Each line of the data is to be output verbatim, with the images removed.

- [Collected data]
○ ○ ○ ○ ○

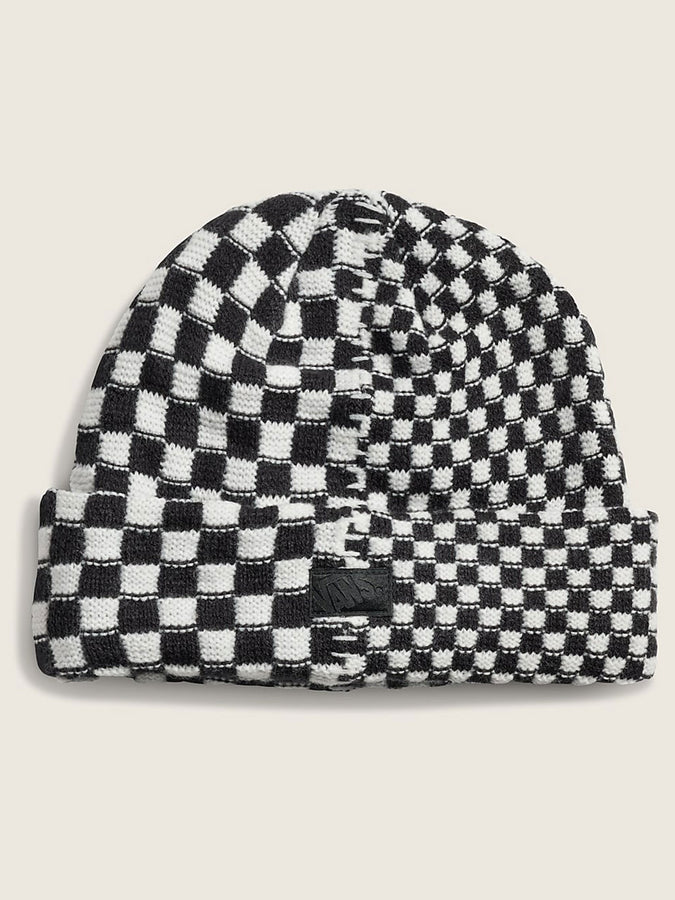 Vans Two Check Beanie Winter 2027 | BLACK/WHITE (Y28)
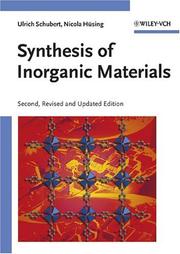 Cover of: Synthesis of Inorganic Materials by Ulrich Schubert, Nicola Hüsing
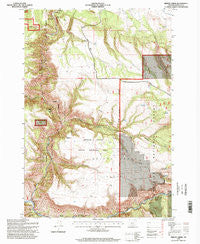 Bridge Creek Oregon Historical topographic map, 1:24000 scale, 7.5 X 7.5 Minute, Year 1995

○ ○ ○ ○ ○

- [Response to the task]
 Vans Two Check Beanie Winter 2027 | BLACK/WHITE (Y28)
 Cover of: Synthesis of Inorganic Materials by Ulrich Schubert, Nicola Hüsing
 Bridge Creek Oregon Historical topographic map, 1:24000 scale, 7.5 X 7.5 Minute, Year 1995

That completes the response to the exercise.